Homeland Security will conduct case-by-case reviews of the nearly 300,000 current deportation and removal cases. “Too many of these cases involve LGBT immigrants who have U.S. citizen spouses and children. The new procedures, which are LGBT-inclusive, should keep immigration officials from unnecessarily tearing apart bi-national same-sex couples, and provide an opportunity for LGBT immigrants to emphasize their ties to a U.S. citizen spouse in removal proceedings,” said Ivan Espinoza-Madrigal, a staff attorney with Lambda Legal
“This is a step in the right direction, but the new procedures do not change the legal landscape for most LGBT immigrants. Because of DOMA, bi-national same-sex couples are still unfairly denied the right, afforded to different-sex couples, to request immigration protection and relief for a foreign-born spouse. Next step: DOMA should be declared unconstitutional or repealed.”
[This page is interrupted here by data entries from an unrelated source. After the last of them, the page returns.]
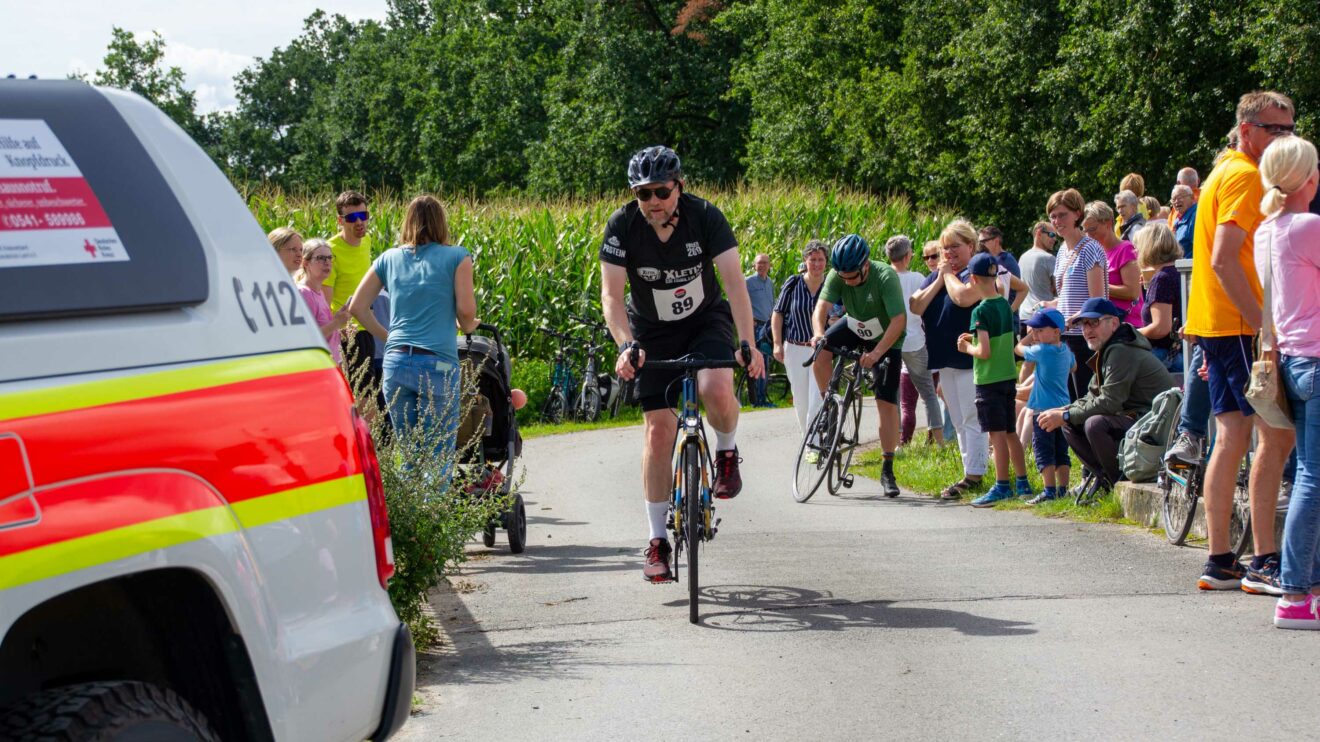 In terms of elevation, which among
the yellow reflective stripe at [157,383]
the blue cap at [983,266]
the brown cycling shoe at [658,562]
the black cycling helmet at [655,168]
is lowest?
the brown cycling shoe at [658,562]

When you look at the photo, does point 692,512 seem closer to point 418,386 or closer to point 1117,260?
point 418,386

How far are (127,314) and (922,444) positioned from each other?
Answer: 13294mm

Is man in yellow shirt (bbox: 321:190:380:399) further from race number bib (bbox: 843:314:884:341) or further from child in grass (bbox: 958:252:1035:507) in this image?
child in grass (bbox: 958:252:1035:507)

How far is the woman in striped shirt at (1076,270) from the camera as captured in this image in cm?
1225

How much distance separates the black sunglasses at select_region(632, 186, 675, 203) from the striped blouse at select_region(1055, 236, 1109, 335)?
17.3 feet

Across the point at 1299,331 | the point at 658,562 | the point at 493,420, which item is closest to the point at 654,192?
the point at 658,562

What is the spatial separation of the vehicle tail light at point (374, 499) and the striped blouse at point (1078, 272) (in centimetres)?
917

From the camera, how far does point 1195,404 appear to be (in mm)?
8594

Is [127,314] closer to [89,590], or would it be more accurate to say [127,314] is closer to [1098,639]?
[89,590]

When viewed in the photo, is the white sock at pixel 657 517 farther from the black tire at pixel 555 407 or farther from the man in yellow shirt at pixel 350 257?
the black tire at pixel 555 407

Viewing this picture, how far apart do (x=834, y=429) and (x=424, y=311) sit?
183 inches

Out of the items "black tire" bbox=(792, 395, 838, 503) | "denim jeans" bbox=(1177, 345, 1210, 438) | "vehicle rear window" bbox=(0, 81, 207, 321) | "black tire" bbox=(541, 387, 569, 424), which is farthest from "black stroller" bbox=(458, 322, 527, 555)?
"black tire" bbox=(541, 387, 569, 424)

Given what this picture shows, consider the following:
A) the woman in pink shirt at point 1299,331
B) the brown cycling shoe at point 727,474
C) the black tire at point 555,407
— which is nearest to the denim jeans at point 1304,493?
the woman in pink shirt at point 1299,331

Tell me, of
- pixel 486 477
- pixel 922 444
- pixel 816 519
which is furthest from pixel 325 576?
pixel 922 444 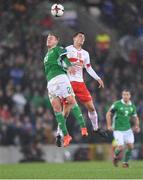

Youth home settles trans lawsuit
PHILADELPHIA — Lambda Legal has settled the discrimination complaint it filed with the Philadelphia Commission on Human Relations against the city’s Department of Human Services and the Youth Study Center among others. The group filed the complaint on behalf of L.P. a now 18-year-old transgender woman who was physically attacked by other residents and verbally abused by staff every day for almost a year and a half when she lived in the youth facility.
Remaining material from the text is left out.